Feel free to extend this analysis by exploring additional features or visualizations.

In [None]:
# Add the cluster labels to the original dataframe for further interpretation
df['cluster'] = cluster_labels

# Display summary statistics for numeric features in each cluster
for cluster in range(optimal_k):
    print(f"\nSummary statistics for Cluster {cluster}:")
    display(df[df['cluster'] == cluster][numeric_cols].describe())

# Examine the distribution of the target variable 'y' in each cluster
for cluster in range(optimal_k):
    print(f"\nTarget variable distribution in Cluster {cluster}:")
    print(df[df['cluster'] == cluster]['y'].value_counts())

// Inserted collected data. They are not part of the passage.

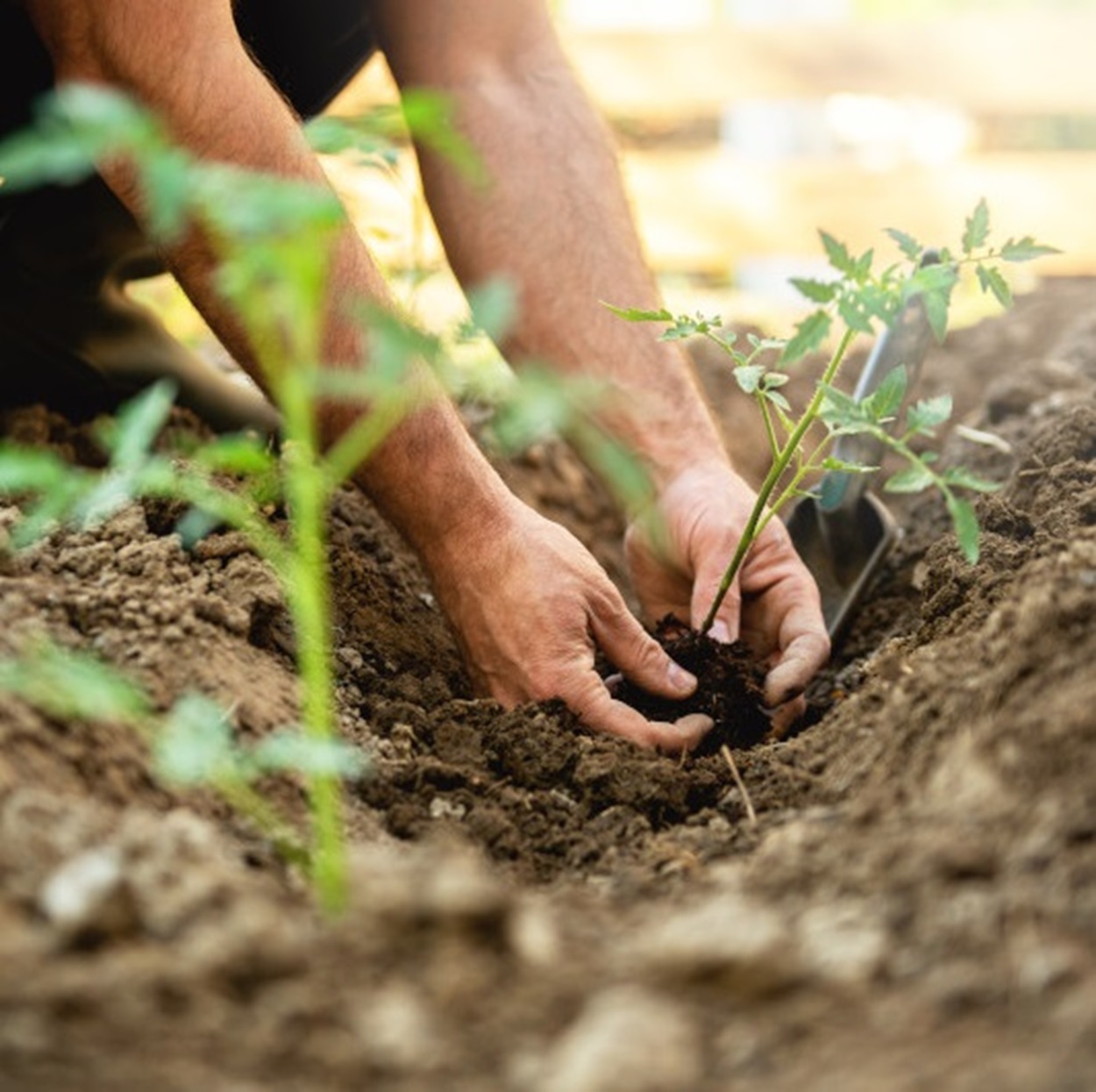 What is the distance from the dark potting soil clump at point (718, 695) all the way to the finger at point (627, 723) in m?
0.03

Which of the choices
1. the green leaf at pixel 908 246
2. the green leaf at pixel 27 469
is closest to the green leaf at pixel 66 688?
the green leaf at pixel 27 469

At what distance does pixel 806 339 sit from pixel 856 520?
31.4 inches

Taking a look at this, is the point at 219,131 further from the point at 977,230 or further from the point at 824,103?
the point at 824,103

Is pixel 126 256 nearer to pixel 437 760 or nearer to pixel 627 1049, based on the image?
pixel 437 760

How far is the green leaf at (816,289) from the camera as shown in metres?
1.37

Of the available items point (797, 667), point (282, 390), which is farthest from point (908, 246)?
point (282, 390)

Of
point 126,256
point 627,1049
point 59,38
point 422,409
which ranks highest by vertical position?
point 126,256

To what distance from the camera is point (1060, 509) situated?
1725 millimetres

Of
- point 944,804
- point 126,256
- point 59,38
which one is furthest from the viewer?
point 126,256

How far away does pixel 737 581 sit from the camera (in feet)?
6.24

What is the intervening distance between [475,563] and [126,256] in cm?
96

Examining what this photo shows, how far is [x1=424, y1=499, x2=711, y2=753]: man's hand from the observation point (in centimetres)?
165

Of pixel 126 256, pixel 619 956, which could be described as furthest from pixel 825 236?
pixel 126 256

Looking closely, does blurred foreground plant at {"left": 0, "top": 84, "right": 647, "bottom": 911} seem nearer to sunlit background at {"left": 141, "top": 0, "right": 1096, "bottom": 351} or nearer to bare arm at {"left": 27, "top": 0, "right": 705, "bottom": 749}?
bare arm at {"left": 27, "top": 0, "right": 705, "bottom": 749} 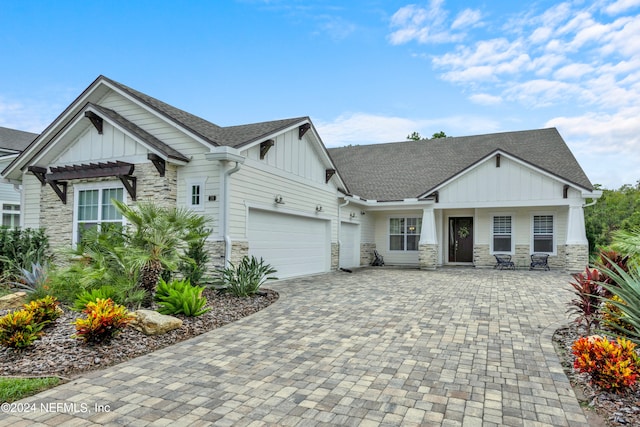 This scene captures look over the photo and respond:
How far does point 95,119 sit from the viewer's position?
10328 mm

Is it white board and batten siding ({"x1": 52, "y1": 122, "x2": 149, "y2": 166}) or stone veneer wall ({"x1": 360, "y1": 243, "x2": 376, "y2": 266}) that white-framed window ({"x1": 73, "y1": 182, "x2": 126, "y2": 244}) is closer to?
white board and batten siding ({"x1": 52, "y1": 122, "x2": 149, "y2": 166})

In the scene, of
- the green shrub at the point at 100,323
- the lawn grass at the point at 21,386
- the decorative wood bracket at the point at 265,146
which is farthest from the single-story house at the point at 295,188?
the lawn grass at the point at 21,386

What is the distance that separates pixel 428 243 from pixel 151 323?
490 inches

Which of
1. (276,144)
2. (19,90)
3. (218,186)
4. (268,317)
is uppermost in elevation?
(19,90)

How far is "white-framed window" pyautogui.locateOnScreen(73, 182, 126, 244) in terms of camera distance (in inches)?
406

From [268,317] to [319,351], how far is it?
6.56 feet

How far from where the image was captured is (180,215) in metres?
7.43

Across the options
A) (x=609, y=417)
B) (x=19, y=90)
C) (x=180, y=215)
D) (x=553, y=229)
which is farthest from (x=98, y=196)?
(x=553, y=229)

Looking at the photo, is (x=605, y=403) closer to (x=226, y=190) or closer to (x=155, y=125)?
(x=226, y=190)

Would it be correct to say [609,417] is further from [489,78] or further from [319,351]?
[489,78]

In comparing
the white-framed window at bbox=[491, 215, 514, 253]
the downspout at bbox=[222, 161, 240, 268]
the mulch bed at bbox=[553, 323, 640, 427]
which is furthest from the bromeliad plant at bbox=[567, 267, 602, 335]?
the white-framed window at bbox=[491, 215, 514, 253]

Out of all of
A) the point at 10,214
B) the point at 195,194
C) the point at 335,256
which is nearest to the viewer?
the point at 195,194

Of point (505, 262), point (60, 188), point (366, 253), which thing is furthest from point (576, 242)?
point (60, 188)

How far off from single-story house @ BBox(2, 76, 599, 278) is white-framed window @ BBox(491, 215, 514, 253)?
43mm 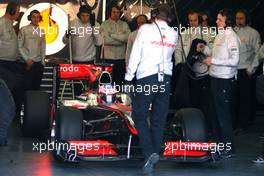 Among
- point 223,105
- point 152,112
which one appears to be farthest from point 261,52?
point 152,112

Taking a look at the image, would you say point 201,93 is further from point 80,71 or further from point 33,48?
point 33,48

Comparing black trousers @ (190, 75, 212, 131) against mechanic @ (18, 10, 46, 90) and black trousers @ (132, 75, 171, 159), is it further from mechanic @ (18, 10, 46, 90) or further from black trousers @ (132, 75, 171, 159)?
black trousers @ (132, 75, 171, 159)

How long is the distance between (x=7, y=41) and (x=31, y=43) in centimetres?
40

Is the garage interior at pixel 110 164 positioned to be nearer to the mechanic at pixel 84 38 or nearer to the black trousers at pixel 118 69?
the mechanic at pixel 84 38

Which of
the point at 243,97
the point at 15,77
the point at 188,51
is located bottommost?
the point at 243,97

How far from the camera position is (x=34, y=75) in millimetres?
13055

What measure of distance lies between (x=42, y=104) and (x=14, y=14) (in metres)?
2.43

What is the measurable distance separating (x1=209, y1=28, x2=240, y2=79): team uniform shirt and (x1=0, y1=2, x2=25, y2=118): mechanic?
4122 millimetres

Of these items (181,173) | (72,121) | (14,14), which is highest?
(14,14)

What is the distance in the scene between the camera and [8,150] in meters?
10.2

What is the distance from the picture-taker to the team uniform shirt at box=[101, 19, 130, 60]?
13.3 meters

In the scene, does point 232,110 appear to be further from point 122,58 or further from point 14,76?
point 14,76

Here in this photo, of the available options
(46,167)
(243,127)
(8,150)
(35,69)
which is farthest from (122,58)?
(46,167)

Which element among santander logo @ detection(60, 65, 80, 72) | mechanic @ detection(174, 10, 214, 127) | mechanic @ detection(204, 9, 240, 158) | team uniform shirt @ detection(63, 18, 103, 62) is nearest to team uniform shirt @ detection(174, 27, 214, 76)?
mechanic @ detection(174, 10, 214, 127)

## Discussion and Reflection

- The **elbow method** and **silhouette scores** helped us choose an appropriate number of clusters (in this example, we selected 3).
- The **PCA visualization** shows that while clusters are reasonably separated in a 2D projection, some overlap still exists. This is expected when reducing high-dimensional data to 2 dimensions.
- The **cluster summaries** and the target variable distributions provide insights into how different customer segments behave. For example, one cluster might have a higher proportion of customers who subscribe to term deposits.
- In a real-world scenario, you could further refine this analysis by experimenting with other clustering techniques, adjusting preprocessing steps, or incorporating domain knowledge to interpret the clusters.

### Final Thoughts

Customer segmentation can drive targeted marketing strategies and help improve campaign efficiency. However, it is important to remember that unsupervised clustering may require iterative tuning and expert interpretation to yield actionable insights.